▶ **Aim of the task**
From the line holding "サンシャインII(2DK/2階)の間取り写真" through the line holding "New Era Men's" below, write out every line exactly; include both of those lines and drop the pictures.

▶ **Data shown**
::::::::::

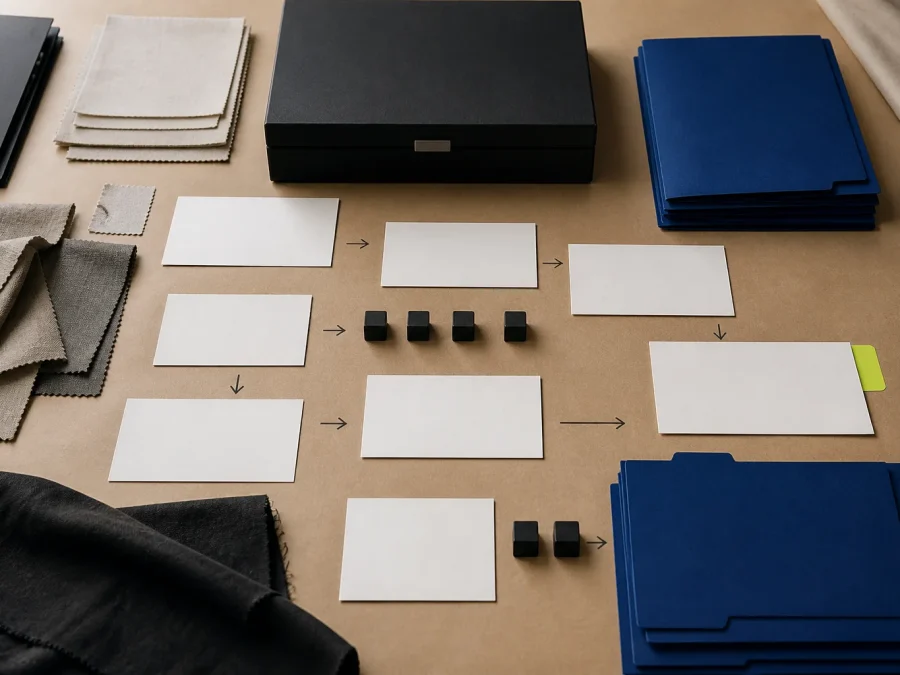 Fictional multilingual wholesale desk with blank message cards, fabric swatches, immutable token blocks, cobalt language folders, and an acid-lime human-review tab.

::::::::::

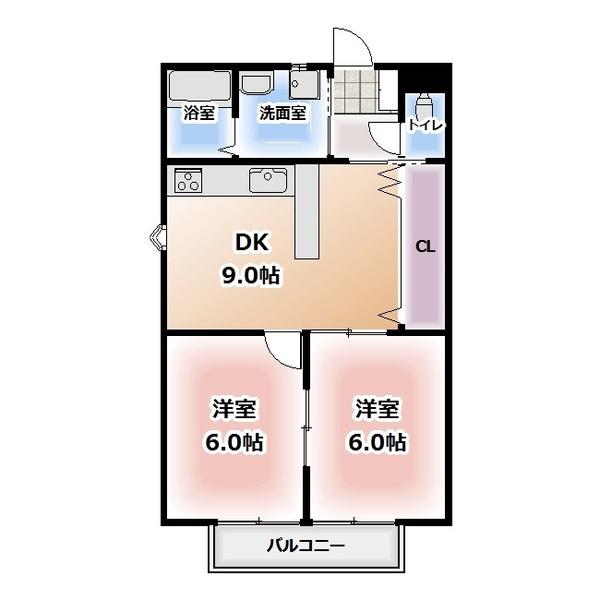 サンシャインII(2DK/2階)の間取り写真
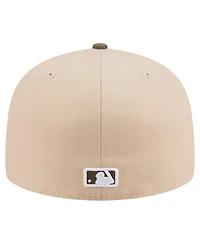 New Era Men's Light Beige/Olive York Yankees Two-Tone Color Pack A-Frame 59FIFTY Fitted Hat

::::::::::

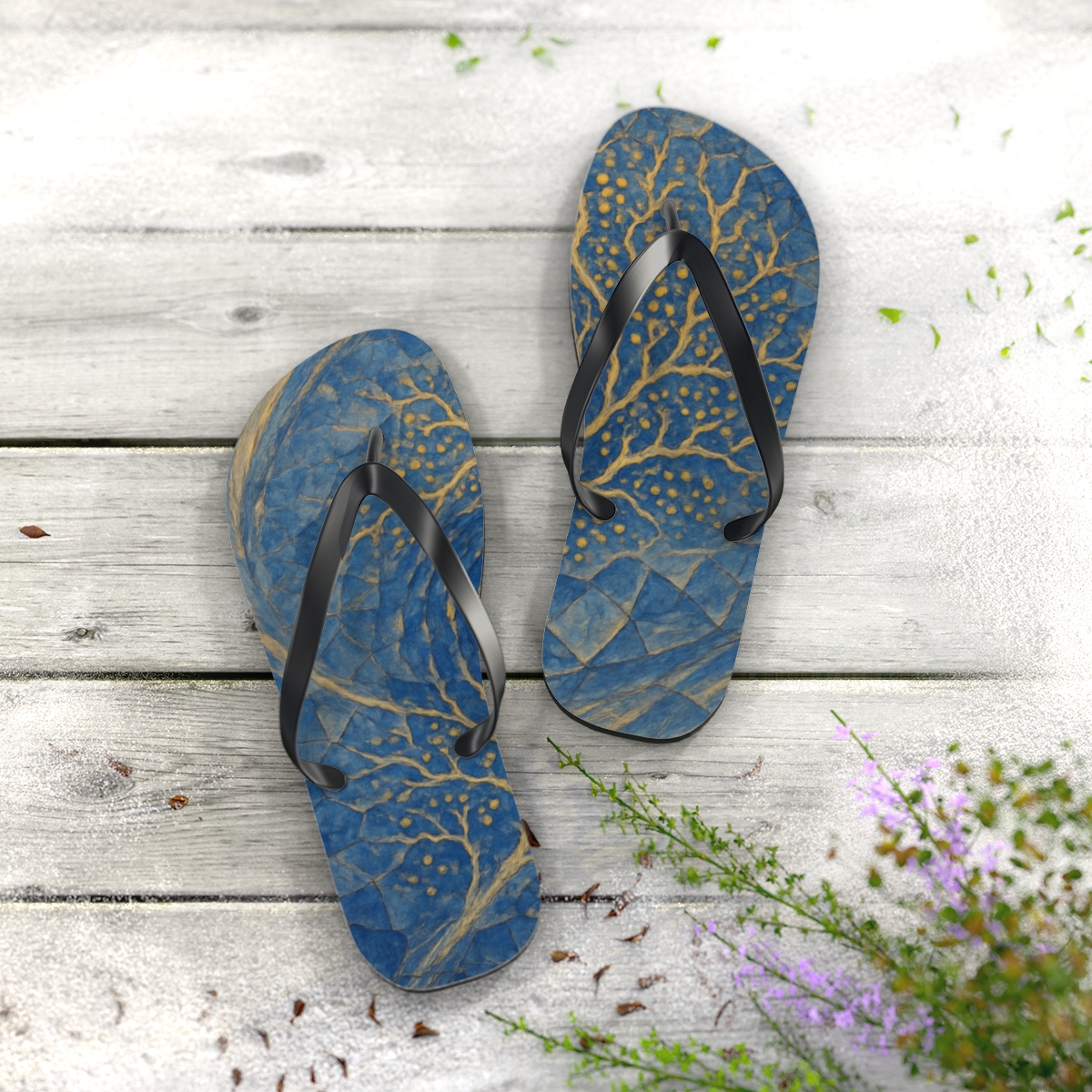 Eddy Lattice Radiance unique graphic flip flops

::::::::::

▶ **Exercise result**
 サンシャインII(2DK/2階)の間取り写真
 New Era Men's Light Beige/Olive York Yankees Two-Tone Color Pack A-Frame 59FIFTY Fitted Hat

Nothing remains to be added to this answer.